▶ **WHAT TO WORK ON**:
Extract the line that contains "HeavyMoon Font –" and every line after it through the end of the records below, exactly as written, leaving out any pictures.

Short web captions
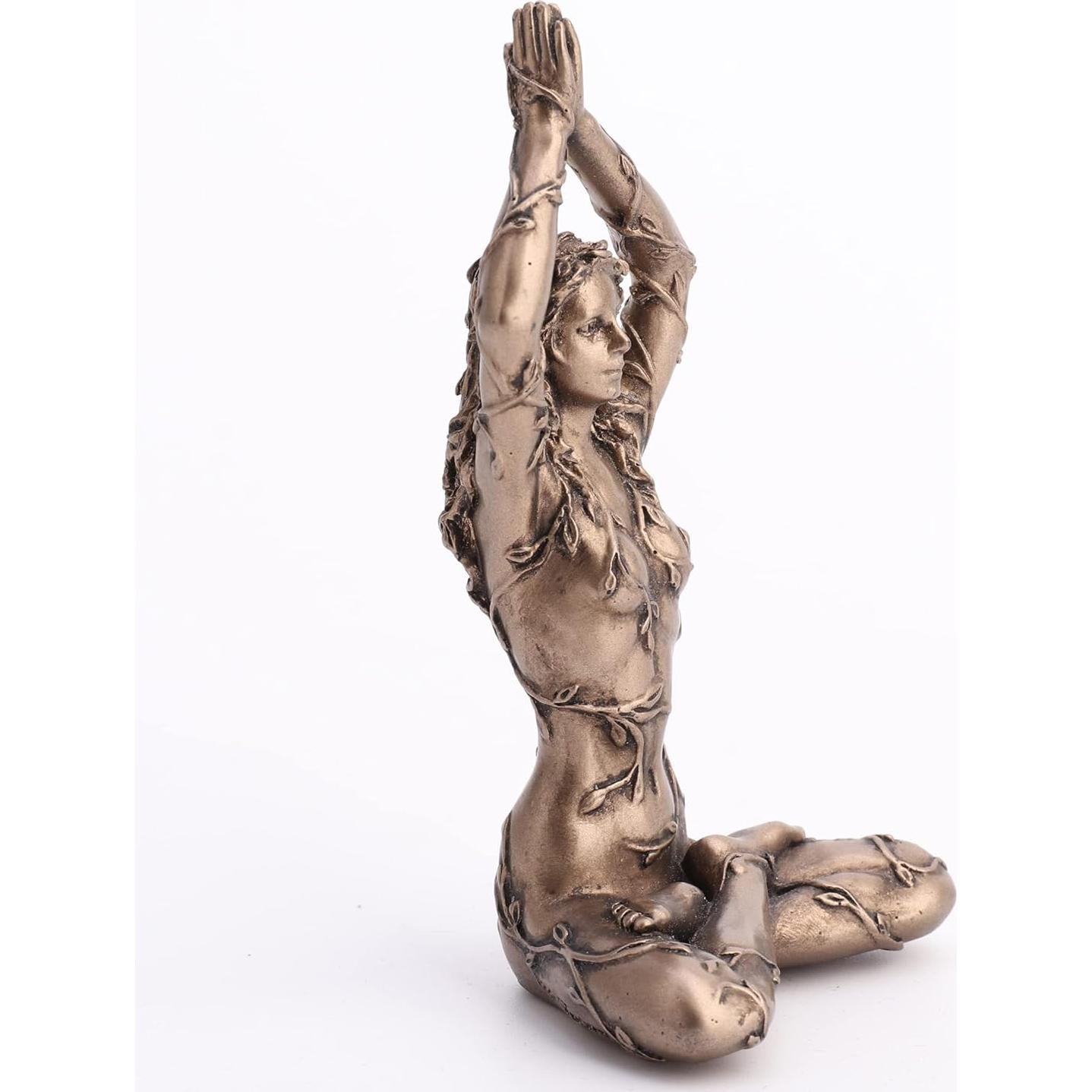 Estatua de Loto Gaia en Meditación Veronese 8.6 cm Resina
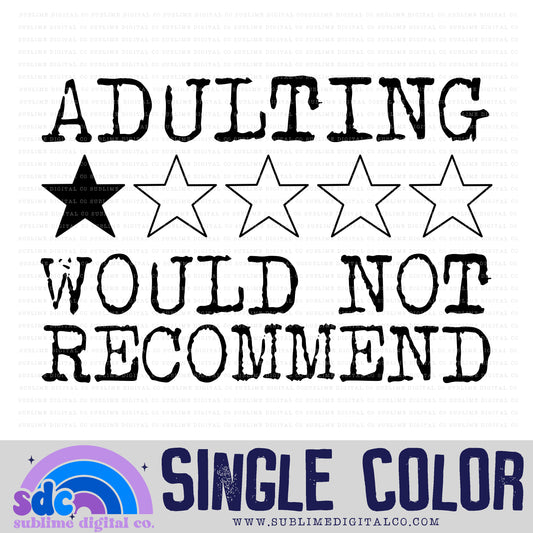Adulting • Single Color Designs • Instant Download • Sublimation Design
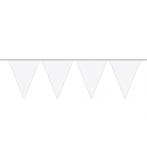 Carnaval vlaggenlijn wit 10 meter - Vlaggenlijnen, Ophalen of Verzenden, Nieuw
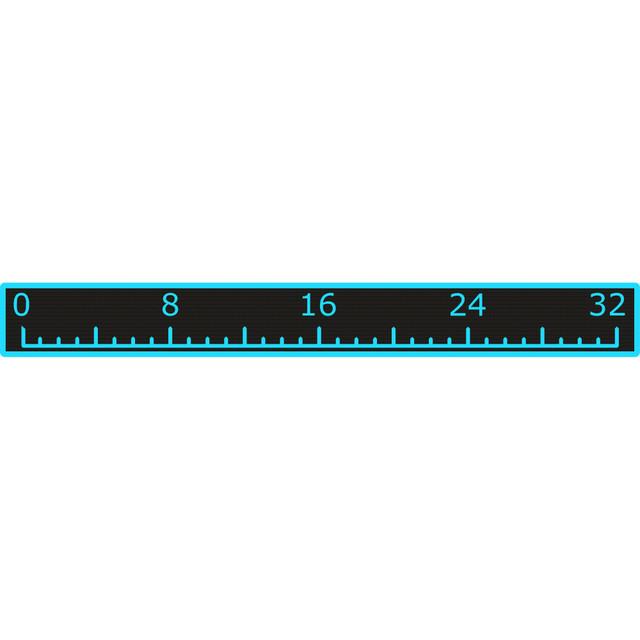 Adhesive 32" SeaDek Fish Measuring Ruler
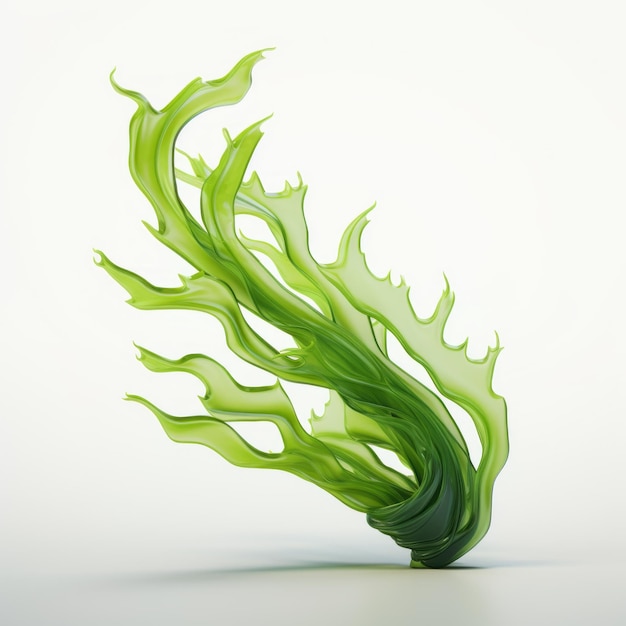 Foto lebendige 3d-skulpturen aus algen, atemberaubende glasähnliche darstellungen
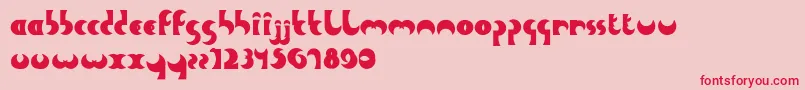 HeavyMoon Font – Red Fonts on Pink Background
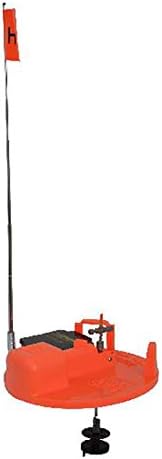 HT Enterprise PTE-200 Polar Therm Extreme Tip-Up W/ 200 ' Spool, Orange - Built in Tackle Box, Multi, one Size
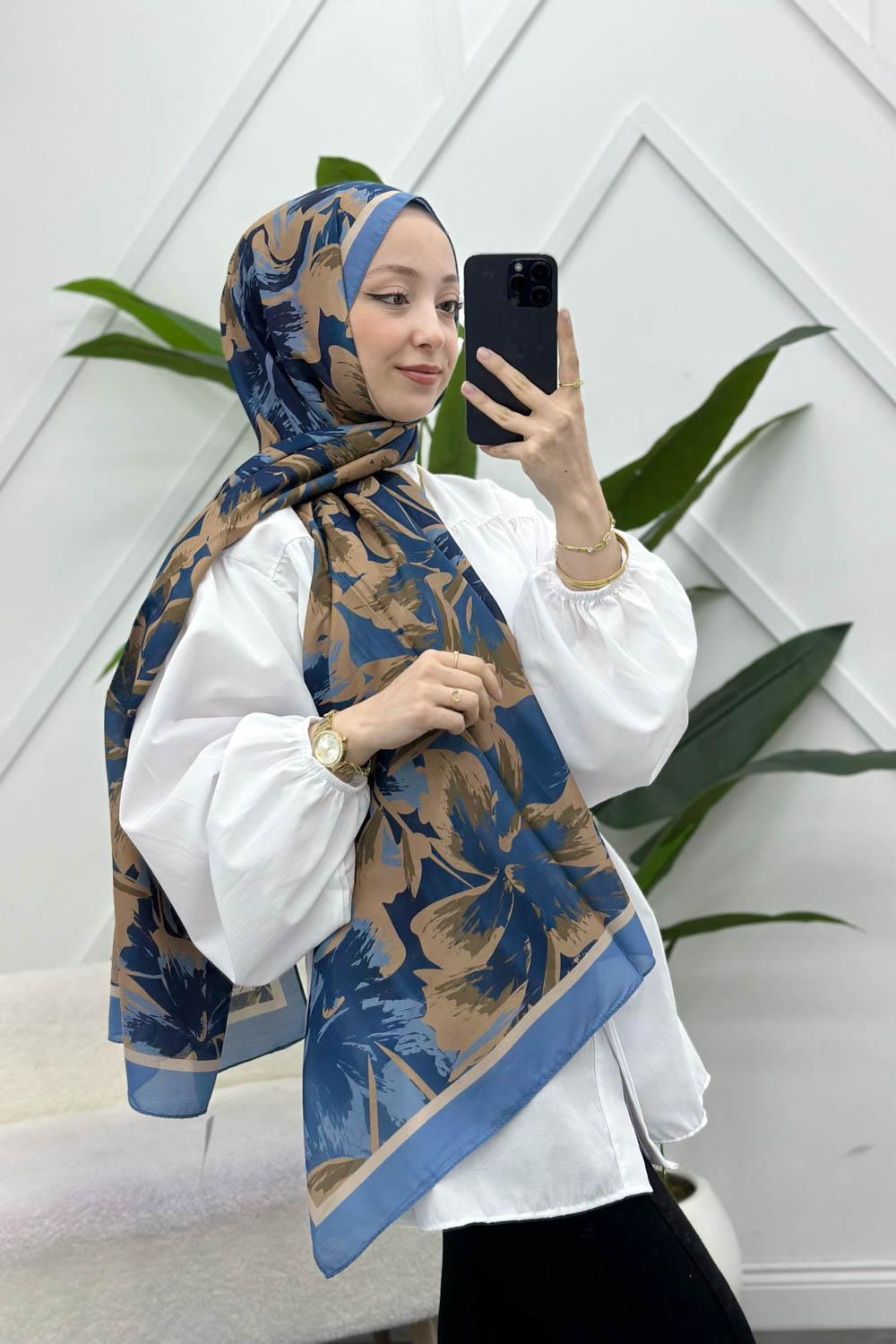 KARANFİL DESEN PAMUK ŞAL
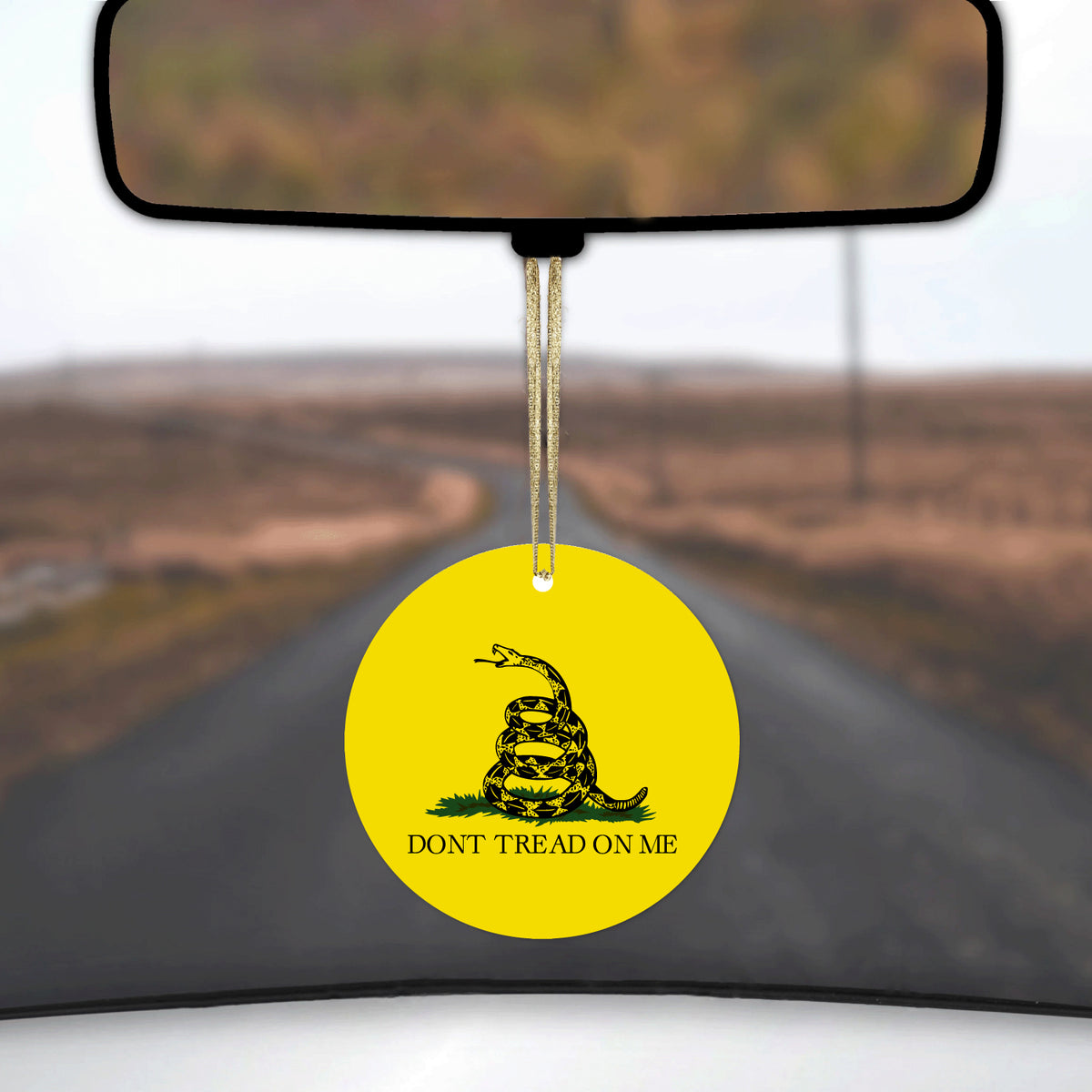 Gadsden Flag Ceramic Ornament, view 3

▶ **TASK ANSWER**:
 HeavyMoon Font – Red Fonts on Pink Background
 HT Enterprise PTE-200 Polar Therm Extreme Tip-Up W/ 200 ' Spool, Orange - Built in Tackle Box, Multi, one Size
 KARANFİL DESEN PAMUK ŞAL
 Gadsden Flag Ceramic Ornament, view 3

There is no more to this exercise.